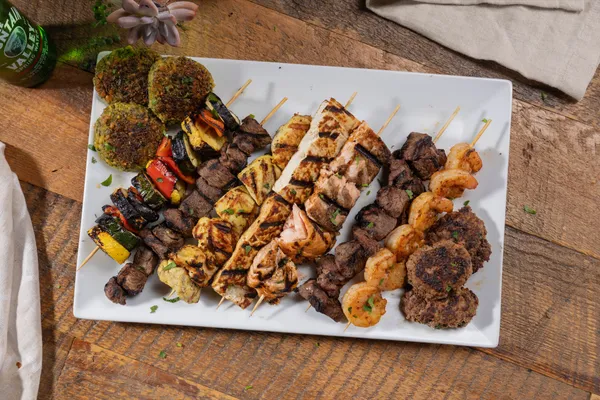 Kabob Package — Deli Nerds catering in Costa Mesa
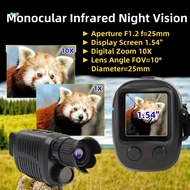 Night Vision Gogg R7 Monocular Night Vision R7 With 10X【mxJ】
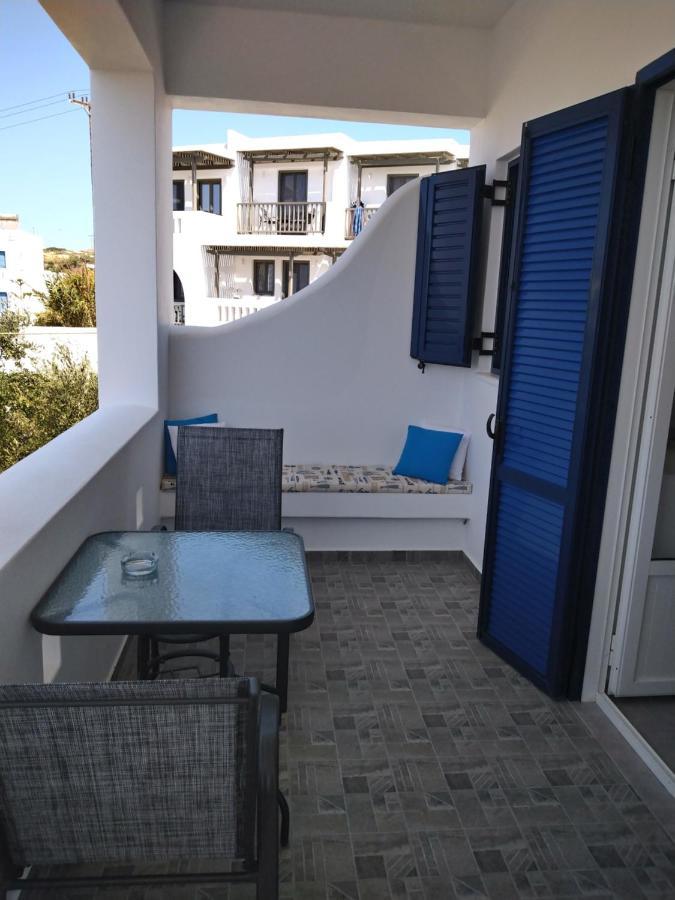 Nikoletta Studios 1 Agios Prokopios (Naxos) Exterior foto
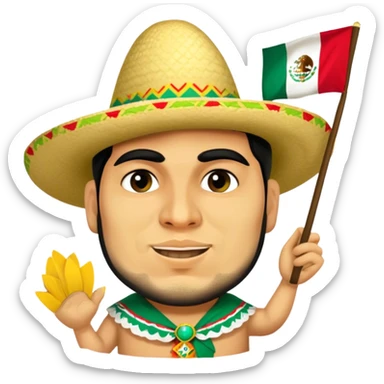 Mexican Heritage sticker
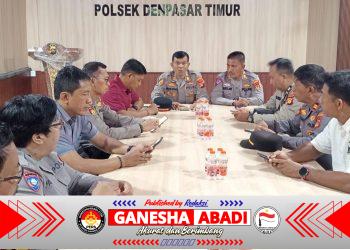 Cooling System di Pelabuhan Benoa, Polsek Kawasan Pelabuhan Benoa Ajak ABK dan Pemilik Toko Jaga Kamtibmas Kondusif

◆ YOUR OBJECTIVE
Set down all entries above again, exactly, without images.

◆ EXERCISE SOLUTION
 Kabob Package — Deli Nerds catering in Costa Mesa
 Night Vision Gogg R7 Monocular Night Vision R7 With 10X【mxJ】
 Nikoletta Studios 1 Agios Prokopios (Naxos) Exterior foto
 Mexican Heritage sticker
 Cooling System di Pelabuhan Benoa, Polsek Kawasan Pelabuhan Benoa Ajak ABK dan Pemilik Toko Jaga Kamtibmas Kondusif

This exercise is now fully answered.